▶ **Data provided**
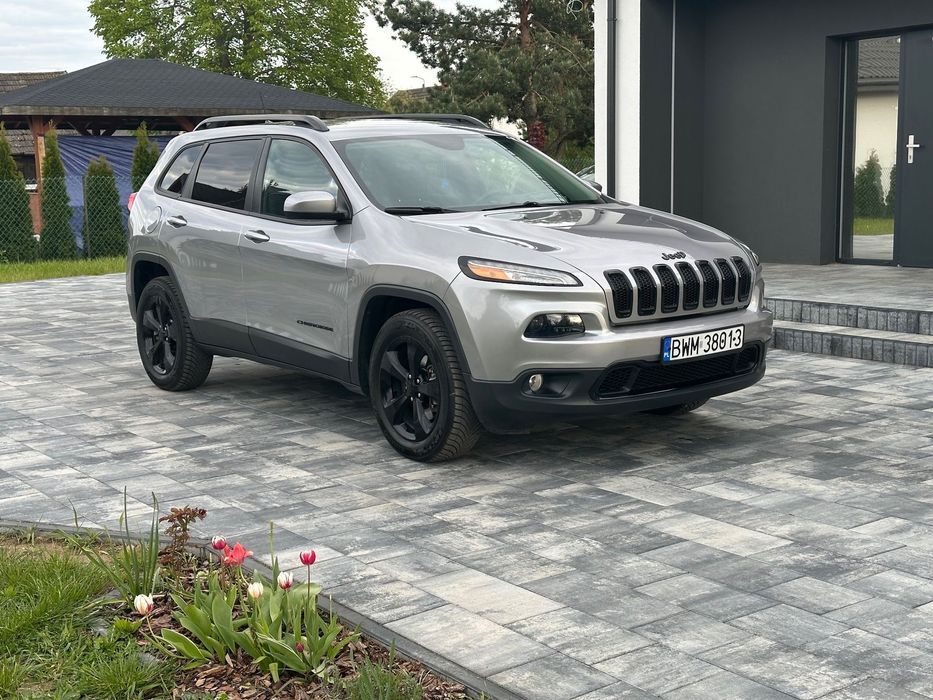 Jeep Cherokee Pierwszy właściciel, niski przebieg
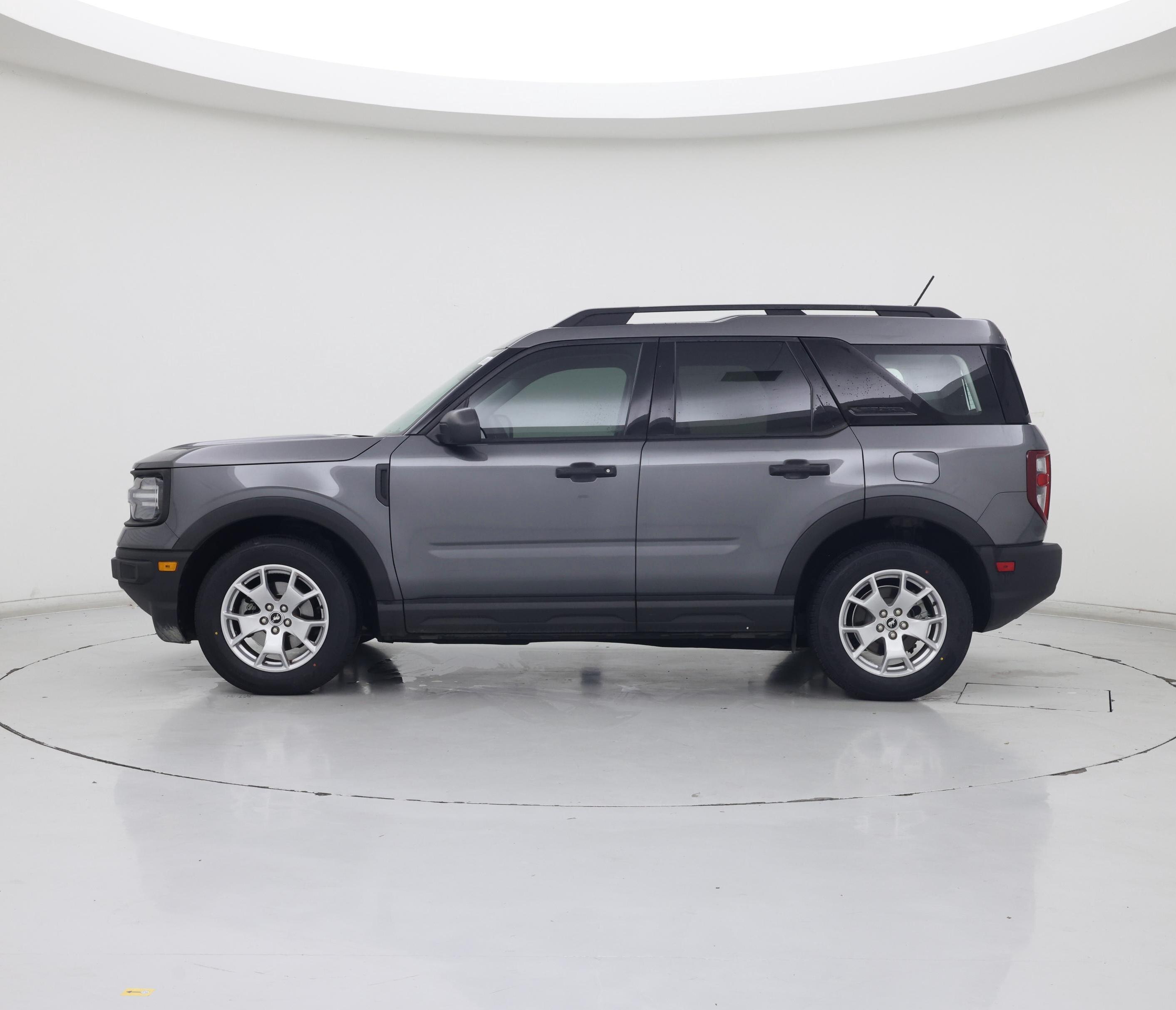 Thumbnail: 2021 Ford Bronco Sport - 3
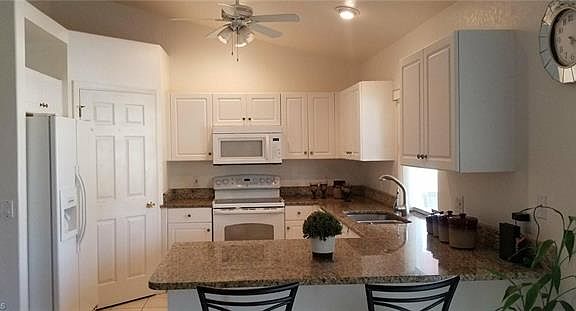 5th image of 321 SE 16th Pl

▶ **What to produce**
An exact copy of the lines from the line containing "Thumbnail: 2021 Ford Bronco Sport - 3" through the final line of the listing, without pictures, is the expected result.

▶ **Solution for this problem**
 Thumbnail: 2021 Ford Bronco Sport - 3
 5th image of 321 SE 16th Pl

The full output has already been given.